Il lavoro continua anche dopo la gara. UFI offre assistenza 24 ore su 24, 365 giorni all’anno e analizza i filtri smontati dalle monoposto dopo l’utilizzo. Dalle loro condizioni è possibile leggere segnali importanti: contaminazioni anomale, usura, residui metallici, indizi di possibili problemi alla power unit.
La storia tra UFI e la Formula 1 comincia nel 1977, con Ferrari. Secondo il racconto dell’azienda, due ingegneri di Maranello, alla ricerca di un fornitore capace di rispondere alle esigenze del 12 cilindri Ferrari, notarono la scritta Universal Filters Italia su un capannone vicino all’autostrada A22 del Brennero. Da lì nacque il primo contatto con quella che allora era una piccola azienda di Nogarole Rocca.
I primi test si svolsero a Fiorano, alla presenza di Enzo Ferrari e Niki Lauda. La prima vittoria arrivò nel 1978, al Gran Premio di Gran Bretagna di Brands Hatch, con Carlos Reutemann sulla Ferrari 312 T3. L’anno successivo, nel 1979, Ferrari vinse il Mondiale Piloti con Jody Scheckter e il Mondiale Costruttori.
Da allora la tecnologia è cambiata radicalmente. Il primo filtro adattato alla Formula 1 pesava circa 1 kg. Oggi un filtro dell’olio realizzato con fibre e materiali speciali può fermarsi a 62 grammi. In mezzo ci sono decenni di lavoro su titanio, alluminio Ergal, acciaio inox, fibre polimeriche, acciaio sinterizzato e adesivi di derivazione aeronautica.
La Formula 1 viene spesso raccontata come un laboratorio per l’auto di serie. Nel caso di UFI, però, il trasferimento tecnologico procede in entrambe le direzioni.

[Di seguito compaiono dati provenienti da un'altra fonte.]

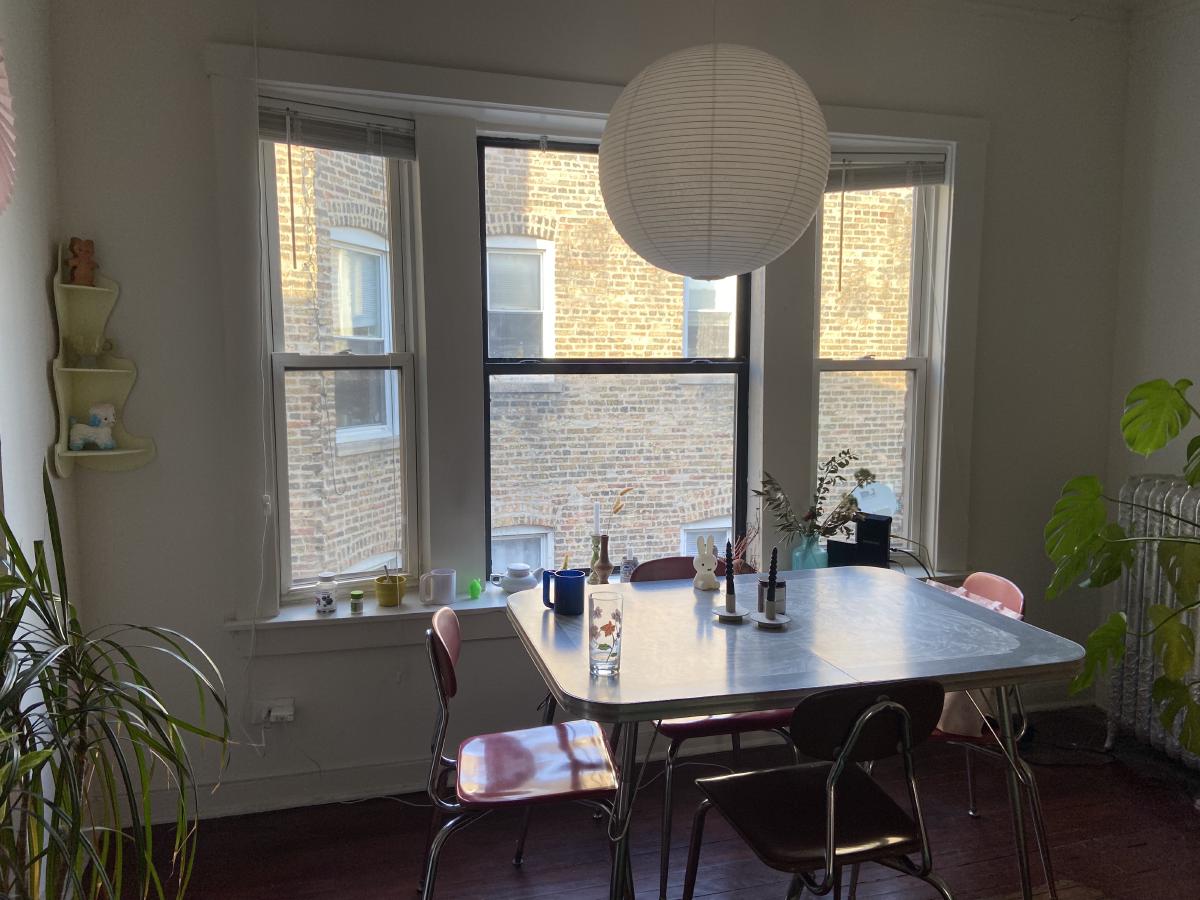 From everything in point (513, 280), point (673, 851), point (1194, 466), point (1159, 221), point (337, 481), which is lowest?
point (673, 851)

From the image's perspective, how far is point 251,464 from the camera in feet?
9.18

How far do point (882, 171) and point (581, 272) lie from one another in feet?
4.17

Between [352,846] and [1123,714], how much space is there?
→ 9.53ft

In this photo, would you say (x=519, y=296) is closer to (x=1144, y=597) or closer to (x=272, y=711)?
(x=272, y=711)

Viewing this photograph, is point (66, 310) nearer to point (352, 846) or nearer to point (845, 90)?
point (352, 846)

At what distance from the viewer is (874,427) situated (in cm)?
363

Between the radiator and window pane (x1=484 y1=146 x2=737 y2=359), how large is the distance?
1760 mm

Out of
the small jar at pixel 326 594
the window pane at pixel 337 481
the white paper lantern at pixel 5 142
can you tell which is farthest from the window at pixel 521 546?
the white paper lantern at pixel 5 142

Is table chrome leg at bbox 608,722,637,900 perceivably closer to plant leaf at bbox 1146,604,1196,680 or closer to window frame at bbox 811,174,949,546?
plant leaf at bbox 1146,604,1196,680

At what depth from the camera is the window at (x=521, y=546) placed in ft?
10.8

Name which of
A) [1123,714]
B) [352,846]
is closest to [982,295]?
[1123,714]

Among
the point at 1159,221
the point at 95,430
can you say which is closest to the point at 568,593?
the point at 95,430

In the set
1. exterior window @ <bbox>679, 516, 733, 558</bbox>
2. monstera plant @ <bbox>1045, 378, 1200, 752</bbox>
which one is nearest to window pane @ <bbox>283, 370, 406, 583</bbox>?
exterior window @ <bbox>679, 516, 733, 558</bbox>

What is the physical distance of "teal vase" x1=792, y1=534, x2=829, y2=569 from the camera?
3322 mm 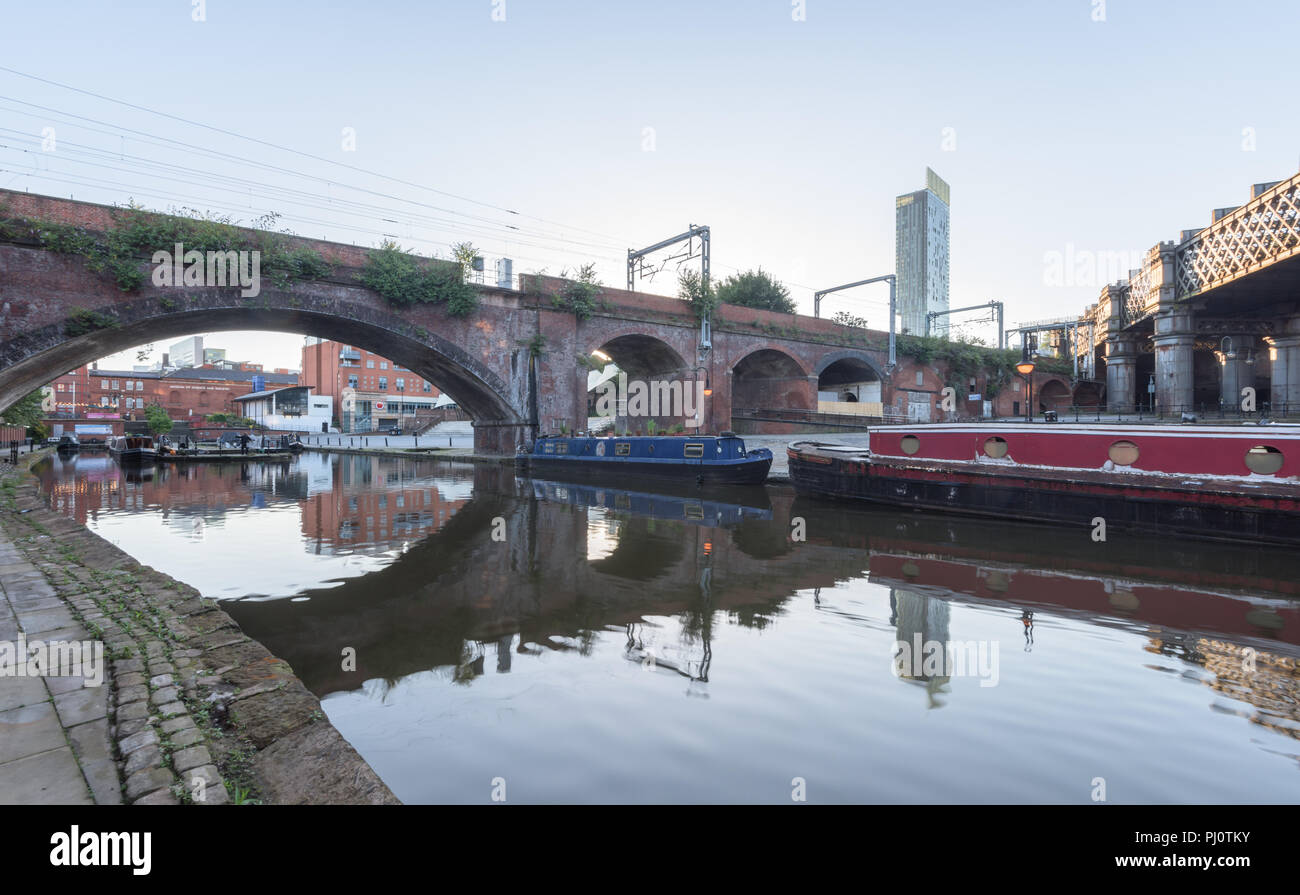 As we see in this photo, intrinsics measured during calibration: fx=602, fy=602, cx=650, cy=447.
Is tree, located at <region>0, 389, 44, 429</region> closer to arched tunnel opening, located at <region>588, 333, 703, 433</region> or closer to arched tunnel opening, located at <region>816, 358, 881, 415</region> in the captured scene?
arched tunnel opening, located at <region>588, 333, 703, 433</region>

Il motorsport costringe a sviluppare soluzioni in tempi rapidi, con tolleranze severissime e condizioni di utilizzo estreme. Ma alcune tecnologie arrivate sulle F1 derivano da esperienze nate sulle auto stradali. È il caso delle fibre sintetiche oggi usate da UFI per i filtri olio e benzina delle monoposto: non erano state concepite inizialmente per le competizioni, ma per applicazioni automotive.
È questo il punto più interessante: la Formula 1 non è soltanto un luogo in cui si inventano soluzioni da portare poi sulle auto di tutti i giorni. A volte succede anche il contrario. La strada suggerisce una tecnologia, la pista la porta al limite.
UFI non lavora soltanto in Formula 1. I suoi filtri sono impiegati anche in Formula 2, Formula 3, IndyCar, Mondiale Endurance, IMSA, DTM, Dakar e nel Motomondiale, tra MotoGP, Moto2 e Moto3.
Ma il dato della F1 2026 resta il più significativo: tutti gli 11 team usano filtri UFI. In un campionato in cui si parla soprattutto di aerodinamica, efficienza elettrica, carburanti sostenibili e strategie regolamentari, c’è un componente minuscolo che racconta bene quanto sia diventata sofisticata una monoposto moderna.
Perché una Formula 1 può essere decisa da un pacchetto aerodinamico, da una mappatura, da una strategia o da una scelta di gomme. Ma può anche essere protetta da un filtro grande pochi centimetri, capace di fermare particelle da pochi micron prima che arrivino dove non devono arrivare.